Reformulating NLP tasks to Capture Longitudinal Manifestation of Language Disorders in People with Dementia

Dimitris Gkoumas,Matthew Purver,Maria Liakata
2023-10-16
Abstract:Dementia is associated with language disorders which impede communication. Here, we automatically learn linguistic disorder patterns by making use of a moderately-sized pre-trained language model and forcing it to focus on reformulated natural language processing (NLP) tasks and associated linguistic patterns. Our experiments show that NLP tasks that encapsulate contextual information and enhance the gradient signal with linguistic patterns benefit performance. We then use the probability estimates from the best model to construct digital linguistic markers measuring the overall quality in communication and the intensity of a variety of language disorders. We investigate how the digital markers characterize dementia speech from a longitudinal perspective. We find that our proposed communication marker is able to robustly and reliably characterize the language of people with dementia, outperforming existing linguistic approaches; and shows external validity via significant correlation with clinical markers of behaviour. Finally, our proposed linguistic disorder markers provide useful insights into gradual language impairment associated with disease progression.
Computation and Language
What problem does this paper attempt to address?
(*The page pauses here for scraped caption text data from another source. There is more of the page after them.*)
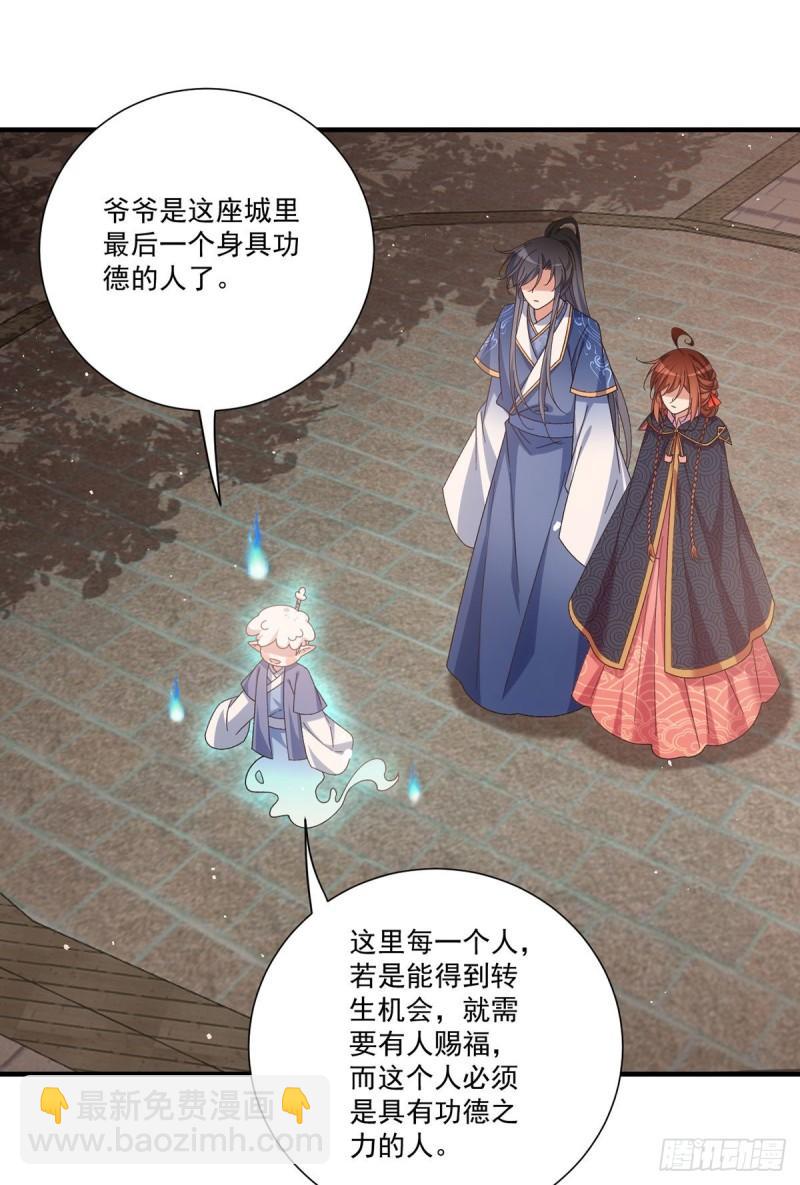 🍟萌师在上 第385话 和好 第17页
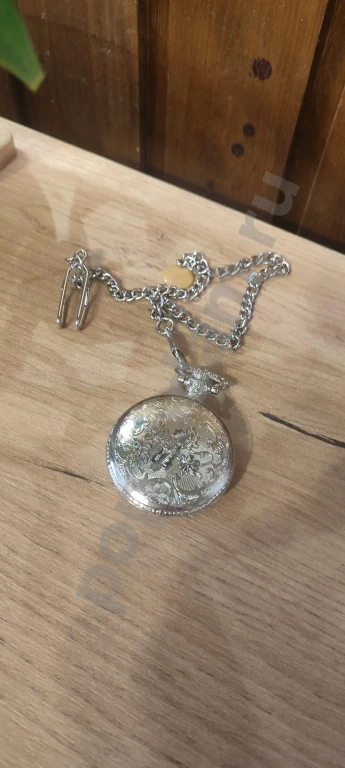 Часы карманные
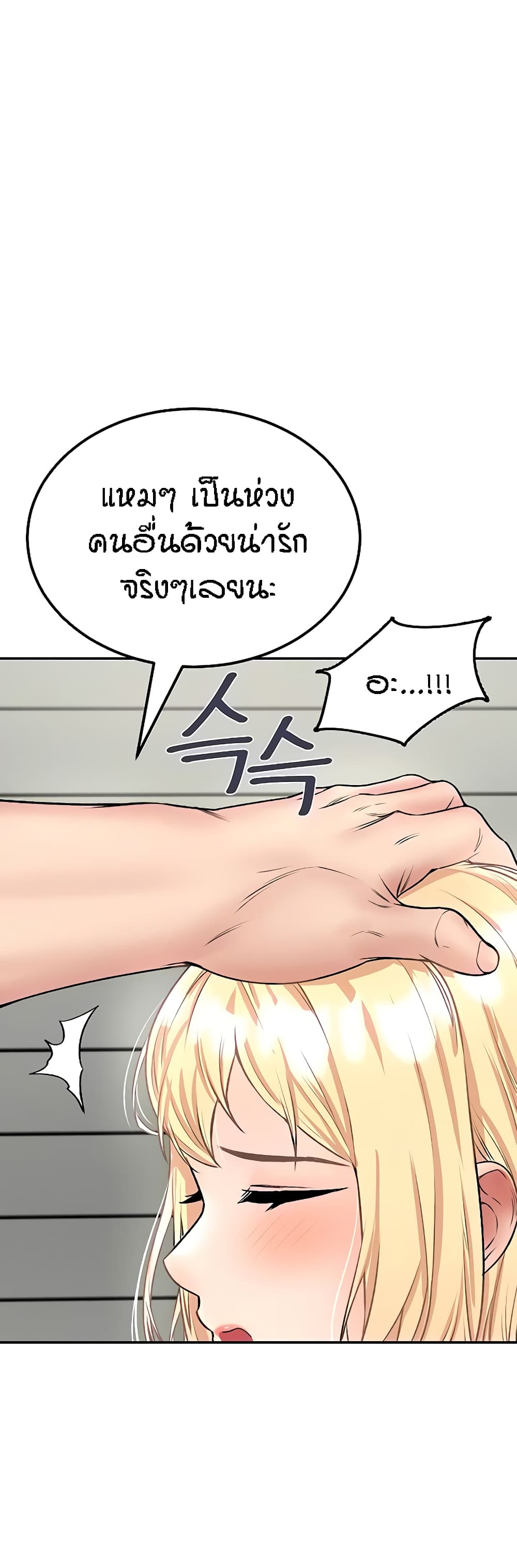 Mother-Son Island Survival – Mother-Son Island Survival – ตอนที่ 26 หน้า 8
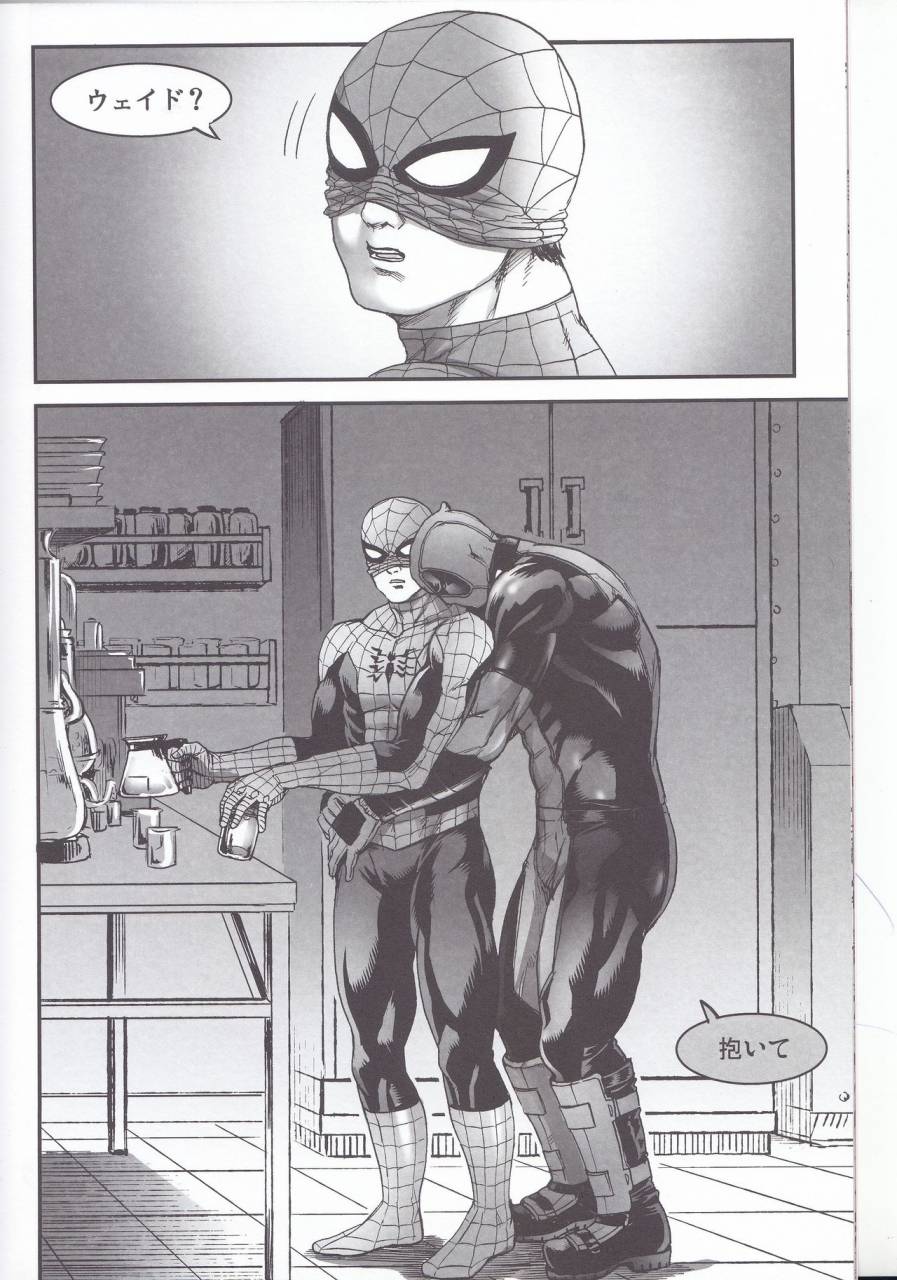 team-up-10-boyari-to-hollow-zenpen-spider-man-deadpool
The paper aims to address the detection and analysis of language impairments associated with dementia. Specifically, the research objectives include: 1. **Automatic Learning of Language Impairment Patterns**: Automatically learning the language impairment patterns of dementia patients by utilizing pre-trained language models, particularly RoBERTa. 2. **Improving Natural Language Processing Tasks**: Reformulating natural language processing (NLP) tasks to capture long-term impairment features in the language of dementia patients. These tasks can better utilize contextual information and enhance gradient signals through language patterns. 3. **Constructing Digital Language Markers**: Constructing digital language markers using probability estimates from the best models to measure the overall quality of communication and the degree of various language impairments. 4. **Longitudinal Analysis**: Analyzing how the aforementioned digital markers represent the speech characteristics of dementia patients from a long-term perspective and exploring how these markers change over time. 5. **Performance Comparison**: Comparing the proposed communication markers with other existing methods (such as those based on semantic similarity and word-level fluency) to validate their diagnostic efficacy. 6. **Clinical Relevance Assessment**: Evaluating the correlation between communication markers and clinical behavioral markers (such as the Mini-Mental State Examination, MMSE, and Clinical Dementia Rating, CDR) to verify their reliability. In summary, the core objective of this paper is to develop a new method based on natural language processing to identify, understand, and track the language impairments of dementia patients, thereby aiding in early diagnosis and improving disease management.